§ RECORDS SHOWN
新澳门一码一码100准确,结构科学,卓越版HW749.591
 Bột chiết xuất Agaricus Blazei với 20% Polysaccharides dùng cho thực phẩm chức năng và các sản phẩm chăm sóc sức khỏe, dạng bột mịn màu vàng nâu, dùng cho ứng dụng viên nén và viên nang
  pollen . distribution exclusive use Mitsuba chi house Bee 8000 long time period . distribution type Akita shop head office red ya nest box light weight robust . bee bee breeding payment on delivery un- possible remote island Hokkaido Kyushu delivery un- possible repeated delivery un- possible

--

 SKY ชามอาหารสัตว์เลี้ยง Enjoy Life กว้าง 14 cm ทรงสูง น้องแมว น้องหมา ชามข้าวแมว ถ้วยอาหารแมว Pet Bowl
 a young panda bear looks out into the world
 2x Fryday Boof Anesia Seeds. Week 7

§ WHAT THE TASK REQUIRES
From the material above, set down exactly the lines starting at the one with "新澳门一码一码100准确,结构科学,卓越版HW749.591" and ending at the one with "pollen . distribution", end lines included.

§ TASK RESULT
新澳门一码一码100准确,结构科学,卓越版HW749.591
 Bột chiết xuất Agaricus Blazei với 20% Polysaccharides dùng cho thực phẩm chức năng và các sản phẩm chăm sóc sức khỏe, dạng bột mịn màu vàng nâu, dùng cho ứng dụng viên nén và viên nang
  pollen . distribution exclusive use Mitsuba chi house Bee 8000 long time period . distribution type Akita shop head office red ya nest box light weight robust . bee bee breeding payment on delivery un- possible remote island Hokkaido Kyushu delivery un- possible repeated delivery un- possible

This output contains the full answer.